Kvidera watched this 1,600 foot bridge being built for several years, ever since the original Lowry Avenue Bridge was demolished. It was constructed 100 years ago.
After engineers found a problem with one of the piers, the historic bridge was closed, then eventually removed by implosion.
Workers used 111 million pounds of structural concrete to build the new bridge.
Mark Stenglein, CEO and president of the Downtown Council, is astounded by the new landmark.
“It’s magnificent! A beauty to look at!” Stenglein said. “If the old one stood for a 100 years, this one will be here for a 1,000 years.”
Each arch reaches 135 feet above the Mississippi River. 18 stay cables are attached to each side.
At the opening ceremony, Hennepin County Commissioner Peter McLaughlin (4th District) says the bridge’s importance spans entire communities.

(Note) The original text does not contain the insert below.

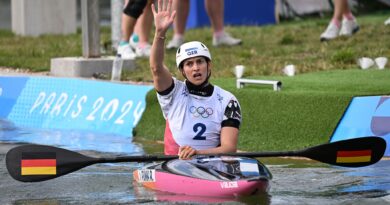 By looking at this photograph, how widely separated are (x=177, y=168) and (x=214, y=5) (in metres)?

“That’s what we’re celebrating here today: the vision for our community, the willingness to celebrate the river, celebrate this connection and celebrate the future of our community as we move forward,” McLaughlin said.
City leaders have visions for the area’s future. They see businesses being built and condos going-up on both sides of the river – a lot like how it looks now near the Stone Arch Bridge in downtown.
The new Lowry Bridge will also be featured by the city on promotional materials, marketing Minneapolis to outside organizations.
The bridge and its two approaches cost $104 million to construct. Hennepin County and the state picked up the majority of the tab, while the city paid nearly $3 million itself.